Yeah, actually kprobes could support multiple probes on the
same point. But kprobe structure has many extensions which
kprobe-tracer doesn't need, e.g. post_handler/break_handler,
opcode, arch sprcific instructions.
Kretprobe consumes more memories for storing return points :(.
Thus, if we know there are two functions to be called on the
same probe point, I think it is better to have a dispatcher.
(Especially, in this case, we can call fixed functions, so
it's easier way.)
Thank you,
--
Masami Hiramatsu
Software Engineer
Hitachi Computer Products (America), Inc.
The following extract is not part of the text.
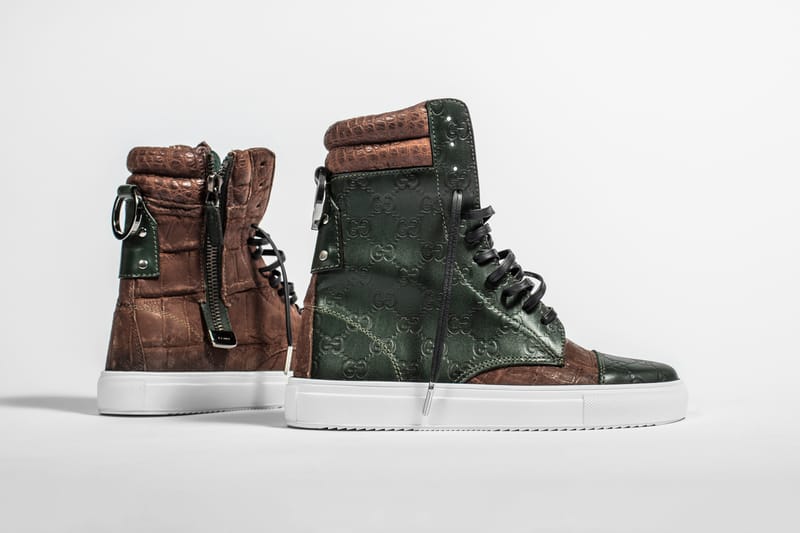 The Shoe Surgeon Debuts a Sneaker Boot Covered in a Gucci Purse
Software Solutions Division
e-mail: mhi...@re...
|
|
From: Masami H. <mhi...@re...> - 2009-09-14 16:22:33
|
Ananth N Mavinakayanahalli wrote:
> On Sun, Sep 13, 2009 at 09:47:39PM -0400, Masami Hiramatsu wrote:
>> Ananth N Mavinakayanahalli wrote:
>>> On Fri, Sep 11, 2009 at 05:12:54AM +0200, Frederic Weisbecker wrote:
>>>> On Thu, Sep 10, 2009 at 07:53:30PM -0400, Masami Hiramatsu wrote:
>
> ...
>
>> Hmm, if we catch the second registration here, it's too late. At
>> register_kprobe(), we initialized some field of kprobe before calling
>> register_aggr_kprobe(). Especially kprobe.list is cleared.
>>
>> And this can't check the case that 'p' is already registered on
>> an aggr kprobe.
>
> Agreed. I thought of this case after sending out the earlier patch...
>
>> Thus, I think some initialization paths should be changed (kp.flag
>> field is initialized too early, yearh, that's my mistake),
>> and also, you will need to use get_valid_kprobe() to check the kprobe
>> has not been registered.
>
> __get_valid_kprobe() makes the task easy. We should just prevent
> re-registration whether or not the earlier probe is disabled.
>
> How does this patch look?
>
> ---
> Prevent re-registration of the same kprobe. This situation, though
> unlikely, needs to be flagged since it can lead to a system crash if its
> not handled.
>
> The core change itself is small, but the helper routine needed to be
> moved around a bit; hence the diffstat.
>
> Signed-off-by: Ananth N Mavinakayanahalli<an...@in...>
> ---
> kernel/kprobes.c | 58 ++++++++++++++++++++++++++++++++++++-------------------
> 1 file changed, 38 insertions(+), 20 deletions(-)
>
> Index: linux-2.6.31/kernel/kprobes.c
> ===================================================================
> --- linux-2.6.31.orig/kernel/kprobes.c
> +++ linux-2.6.31/kernel/kprobes.c
> @@ -681,6 +681,40 @@ static kprobe_opcode_t __kprobes *kprobe
> return (kprobe_opcode_t *)(((char *)addr) + p->offset);
> }
>
> +/* Check passed kprobe is valid and return kprobe in kprobe_table. */
> +static struct kprobe * __kprobes __get_valid_kprobe(struct kprobe *p)
> +{
> + struct kprobe *old_p, *list_p;
> +
> + old_p = get_kprobe(p->addr);
> + if (unlikely(!old_p))
> + return NULL;
> +
> + if (p != old_p) {
> + list_for_each_entry_rcu(list_p,&old_p->list, list)
> + if (list_p == p)
> + /* kprobe p is a valid probe */
> + goto valid;
> + return NULL;
> + }
> +valid:
> + return old_p;
> +}
> +
> +/* Return error if the kprobe is being re-registered */
> +static inline int check_kprobe_rereg(struct kprobe *p)
> +{
> + int ret = 0;
> + struct kprobe *old_p;
> +
> + mutex_lock(&kprobe_mutex);
> + old_p = __get_valid_kprobe(p);
> + if (old_p == p)
Here, since __get_valid_kprobe(p) will return aggr_kprobe of 'p',
you just need to check old_p != NULL.
Other parts are OK for me.
Thank you!
--
Masami Hiramatsu
Software Engineer
Hitachi Computer Products (America), Inc.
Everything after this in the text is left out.